Aim of the task — Please print nothing but the lines from the one containing "Velamp PRO10A-FR-2 - Prolunga" to the final line below, exactly, and no pictures.

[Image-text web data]

---+---

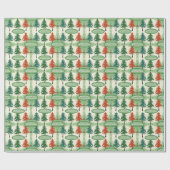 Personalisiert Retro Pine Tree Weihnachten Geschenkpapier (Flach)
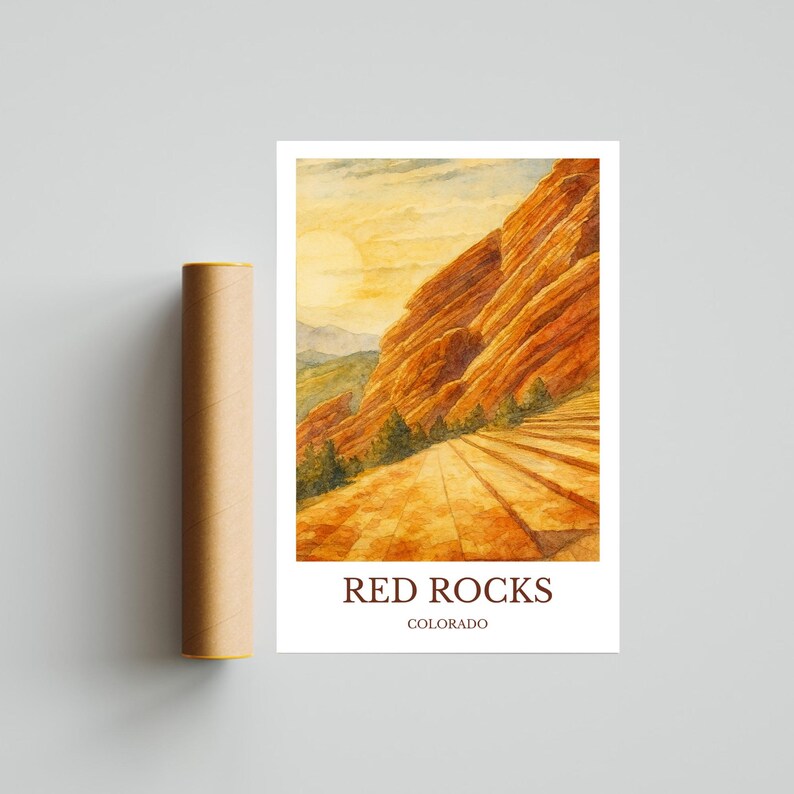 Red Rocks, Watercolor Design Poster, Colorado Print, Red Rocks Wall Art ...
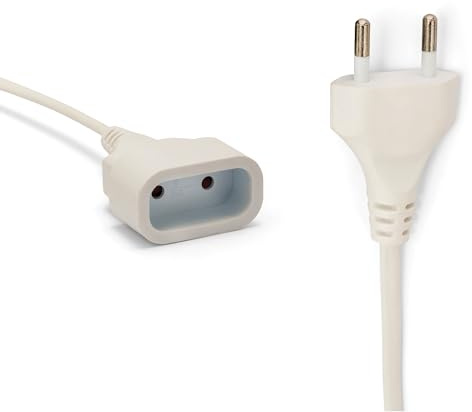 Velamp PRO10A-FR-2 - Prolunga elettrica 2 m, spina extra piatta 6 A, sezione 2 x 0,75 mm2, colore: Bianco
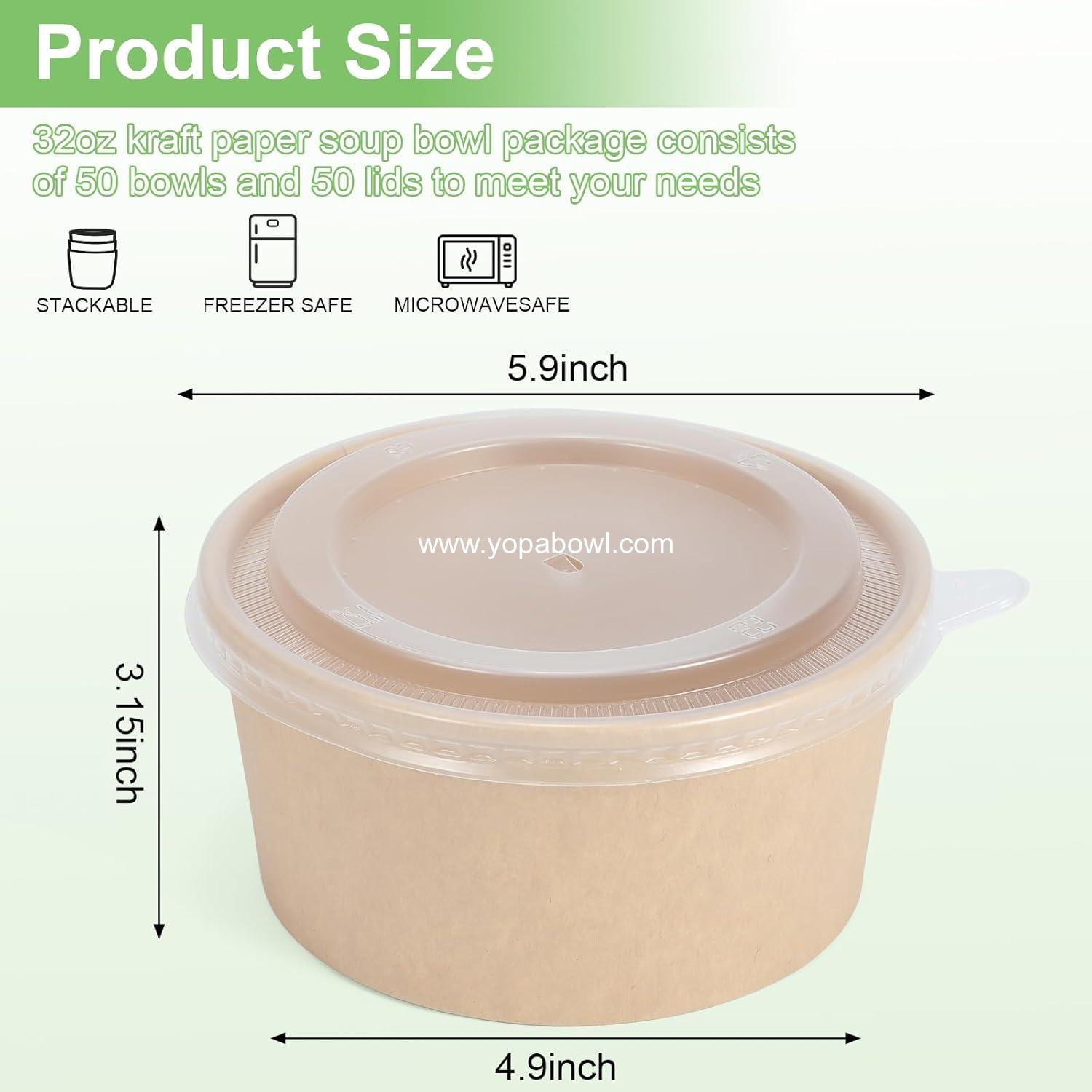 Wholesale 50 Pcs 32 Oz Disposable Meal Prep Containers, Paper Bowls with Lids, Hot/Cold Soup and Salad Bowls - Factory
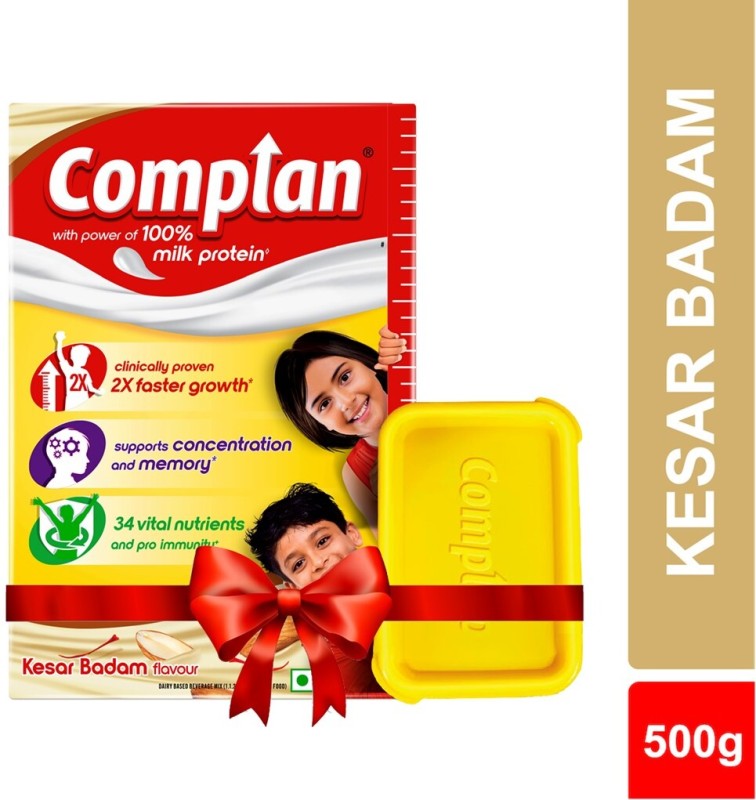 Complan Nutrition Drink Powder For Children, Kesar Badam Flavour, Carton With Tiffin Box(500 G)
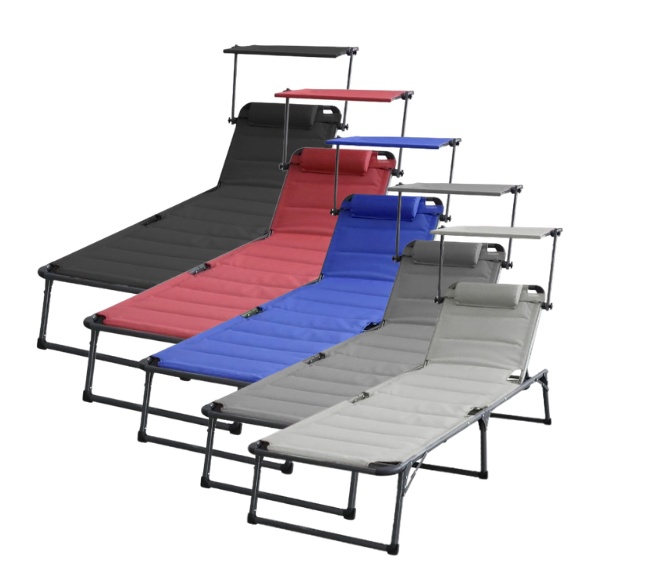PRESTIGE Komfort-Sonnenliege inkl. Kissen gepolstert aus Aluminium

---+---

Final answer —
 Velamp PRO10A-FR-2 - Prolunga elettrica 2 m, spina extra piatta 6 A, sezione 2 x 0,75 mm2, colore: Bianco
 Wholesale 50 Pcs 32 Oz Disposable Meal Prep Containers, Paper Bowls with Lids, Hot/Cold Soup and Salad Bowls - Factory
 Complan Nutrition Drink Powder For Children, Kesar Badam Flavour, Carton With Tiffin Box(500 G)
PRESTIGE Komfort-Sonnenliege inkl. Kissen gepolstert aus Aluminium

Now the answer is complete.